合気道を教える(コスタリカ種蒔日記)

 「わー、あるある!やっぱりね」
 画面に並んだ検索結果を見て、私は一人頬をゆるませた。ヒットしたのは武道教室
。さして広くないサンホセの街の中に、少なくとも3つはある。習えるのは唐手、剣
道、そして合気道。私のお目当てだ。
 私は大学で合気道部に入っていた。それまで武道の経験はゼロだったが、仲間や先
生たちに恵まれて、週3回の練習にいそいそと通った。4年生の夏には初段をいただく
こともできた。私の大学時代の思い出の半分以上が、楽しいものもそうでないものも
、この合気道部と切っても切り離せない。
 留学中はさすがに合気道はできないだろうな…と淋しく思っていた。でもそういえ
ば、部活でお世話になった先生たちの中にはアメリカまで教えに行っている人たちも
いる。アメリカでできるなら、ここコスタリカでだってできるのでは?という浅はか
な考えの元、フェイスブックで検索してみたのだ。大当たり!
 とにかく片っぱしから電話してみる。

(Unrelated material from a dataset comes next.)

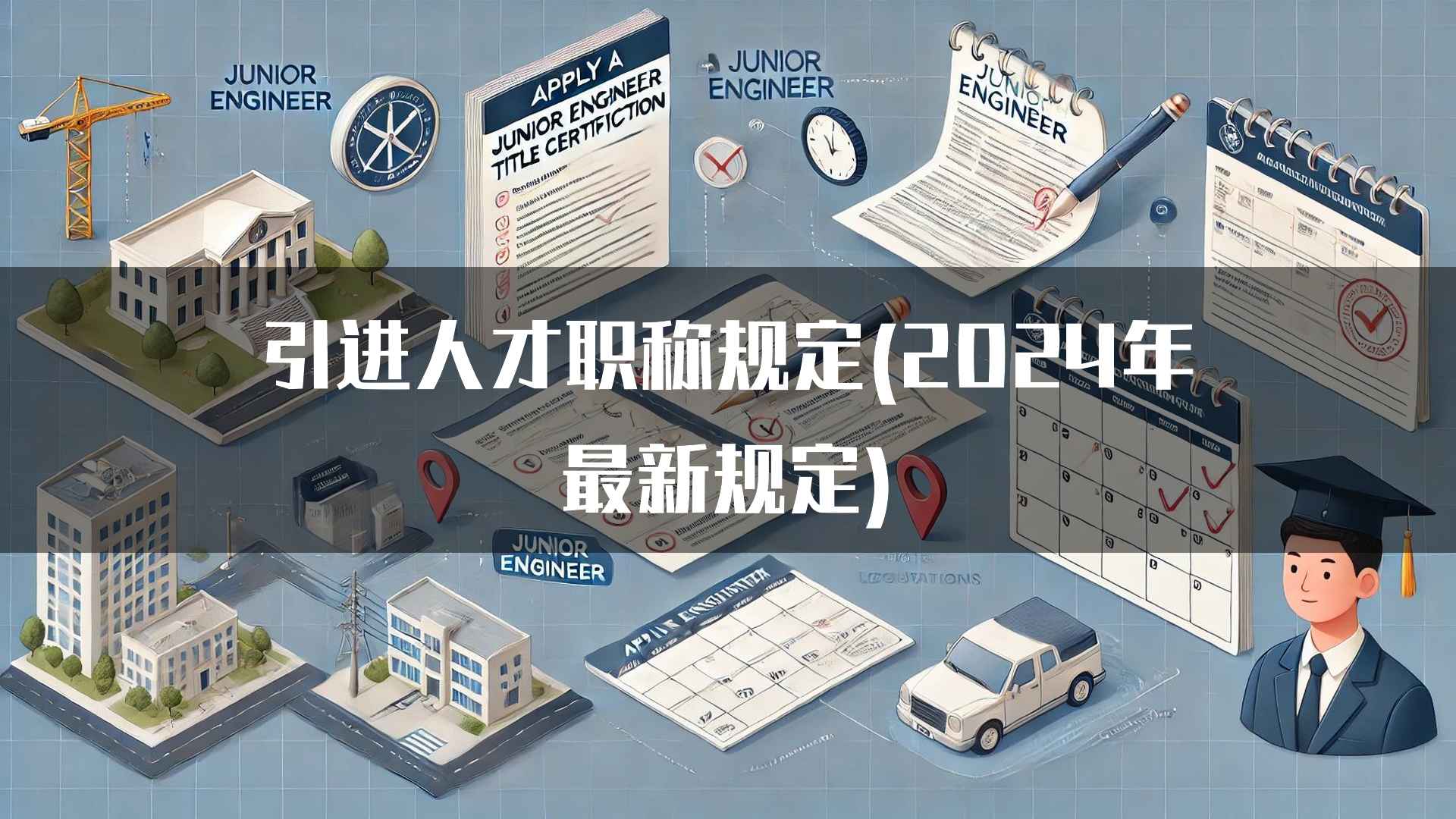 引进人才职称评定政策的历史演变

すると家からそう遠くないエスカスという地
区にある教室の講師カルロスが、受話器越しでもわかる満面の笑顔で迎え入れてくれ
た。それも、「今日来てもいいですよ」と。善は急げと、さっそくその日の夕方にお
邪魔した。  
 小中学生とおぼしき子どもたちが元気に走り回っているサッカー場の奥に、道場は
あった。小さな体育館の床に、畳を模して横線のたくさん入ったフニフニマットが敷
きつめてある。腰ひもの代わりにゴムの入った簡易的な道着をカルロスが貸してくれ
た。
 だが、その後に続いたカルロスの言葉に、私は耳を疑った。
 「今日の稽古はあなたが仕切ってね」
 は、はい?  
 いわく、ふだんここで教えている有段者の師範が今は不在。生徒のほとんどはまっ
たくの初心者。そこでいちばん経験の長いカルロスがその間ピンチヒッターを務めて
いる。だが有段者の私が来たとあれば、ぜひ今日は教える立場になってほしい、と。
 理屈は通っているかもしれない。だが私は大パニックだ。大学で稽古を仕切ったこ
とは何度かあるが、目の前にいるのは気の知れた同世代の仲間たちではない。受け身
の練習と称して奇声をあげながら床にダイブしている幼稚園生、、立ったままぺちゃ
くちゃやっているティーンエイジャー女子、アメリカ人のおじいさん…。たったの1
時間とはいえ、名前も素性もわからないこんなばらばらな人たちに、道場に来たばか
りでどこに何があるのかもわかっていない私が、たどたどしいスペイン語で、いった
い何を教えられるというのか。
 しかもそこにはもう1つ大きな問題があった。この教室で教えている合気道は、私
がやっているのとは流派が違ったのだ。流派が違うということは、一つ一つの技の名
前や形、練習の仕方も微妙に違う。現にカルロスが日本語で言った「とぶうけみ」が
何を意味するのか私にはわからなかった。自分が教わる分にはなんとかなるが、教え
るとなるとこれは致命的。「問題ないよ」と笑顔でのたまうカルロスに、「なんでそ
んなことが言える!?」と食ってかかりそうになった。
 だが、もう引き返すわけにはいかない。子どもたちはそのつもりで、慣れない星座
をして待っている。ついに私は腹をくくった。
 稽古のメニューは任せると言ってくれたので、私の流派のやり方で教えることにし
た。前半は合気道の基本となる安定した姿勢の作り方だ。私たちが日常特に何も意識
しないときの立ち姿は、多くの場合実はとても不安定だ。押されたり、重みをかけら
れたりしたら、簡単にぐらついてしまう。だから合気道では、体から余計な力を抜い
たり、しかるべき場所に体重を集めたりして、盤石名姿勢を身につけるのだ。
 「そ、それじゃまず3人組を作って…」
 おっかなびっくり始めた私を救ってくれたのは、誰あろう、生徒たちとカルロスだ
った。とにかくアクティブで楽しそうなのだ。幼稚園生でさえ、こちらが質問を投げ
かけると先を争って答えてくれる。ペレス・セレドンの語学学校で英語を教えたとき
と同じだった。私が言葉につまったときや、説明がうまく全体に伝わらなかったとき
は、英語のわかるカルロスが常に横でフォローしてくれた。
 「まずゆっくり足踏みしてみて。初めは大きく、だんだん小さく。そうそう。それ
から爪先立ち。そしてゆっくりかかとを下す。そのとき意識は常に前ね前」
 私もだんだん熱が入ってくる。3人組になり、そのうちの1人に、何も意識しないと
きの立ち姿と、合気道の安定した姿勢の両方を作ってもらう。後の2人が、その人の
両肩にぐっと負荷をかける。安定した姿勢の方が重みに耐えやすいことを実感しても
らうためだ。
 「どう?」
 おそるおそる尋ねると、 
 「全然違う。ずっといい!」
 中学生の女の子が、両肩に人をぶらさげたまま驚いたように言った。気を使ってく
れたのかもしれないけれど、ものすごくうれしかった。「通じ合えた!」と思った。
 後半はペアになって、初歩的な技を掛け合う練習だ。ちびっ子たちが体を動かした
くてうずうずしているようだったので、技の形の説明は最小限に、とにかく動き回る
時間にした。私も途中から仲間に入り、もう名前も忘れてしまった男の子と、はあは
あ言いながら30分ぐらいひたすら投げ合ったのを思い出す。
 あの子たちは、今どうしているんだろう。あるときぽっと表れて気づいたらいなく
なっていた、変てこな合気道の先生のことを、まだ覚えているだろうか。